*Instructions for the task*:
Where the listing below reaches the line containing "Família de Juliana", start writing out lines exactly, and stop once the line containing "Atlanta, Georgia, 30345, United" has been written.

━━ Input for this task ━━

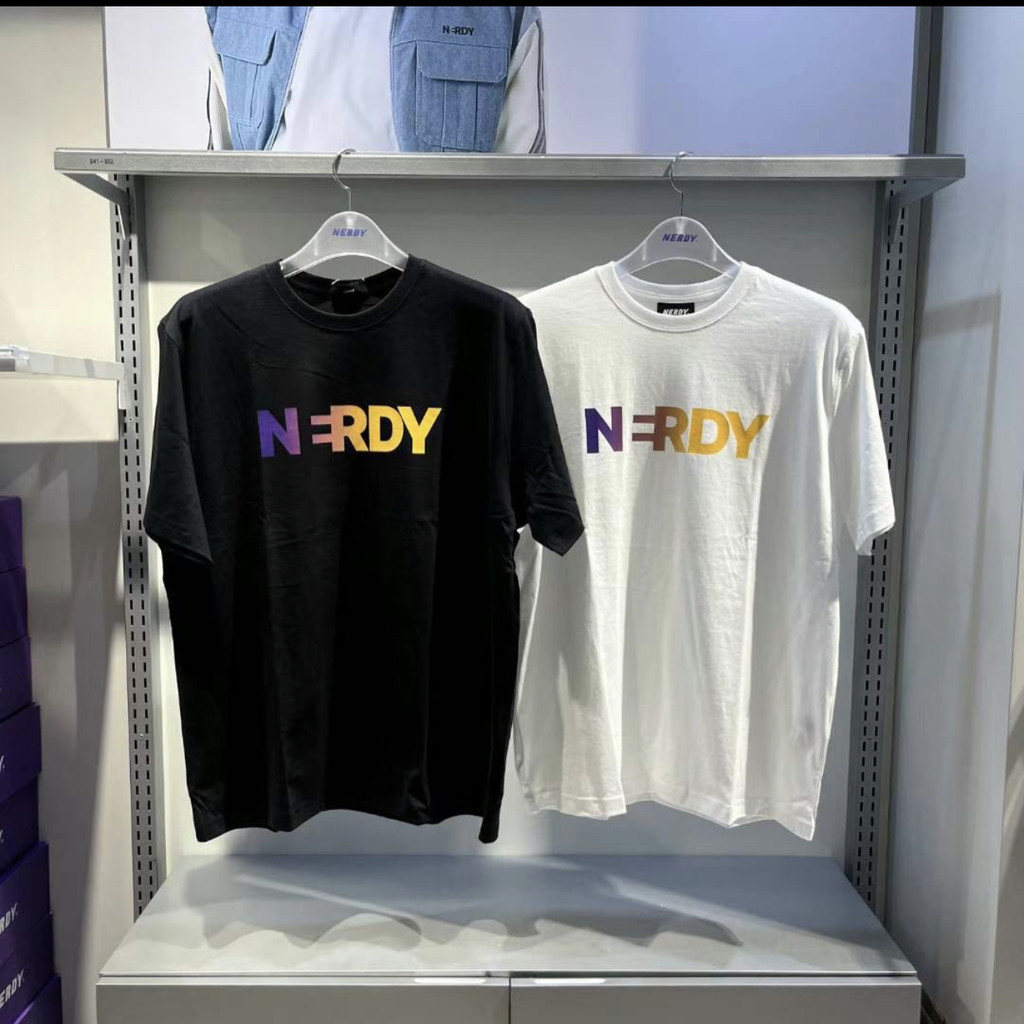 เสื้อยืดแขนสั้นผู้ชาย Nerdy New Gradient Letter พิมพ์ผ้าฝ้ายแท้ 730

━━━
━━ Input for this task ━━

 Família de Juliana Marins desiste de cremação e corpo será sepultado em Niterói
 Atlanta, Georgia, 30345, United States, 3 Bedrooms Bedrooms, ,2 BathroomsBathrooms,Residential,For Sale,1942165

━━━

*Task output*:
 Família de Juliana Marins desiste de cremação e corpo será sepultado em Niterói
 Atlanta, Georgia, 30345, United States, 3 Bedrooms Bedrooms, ,2 BathroomsBathrooms,Residential,For Sale,1942165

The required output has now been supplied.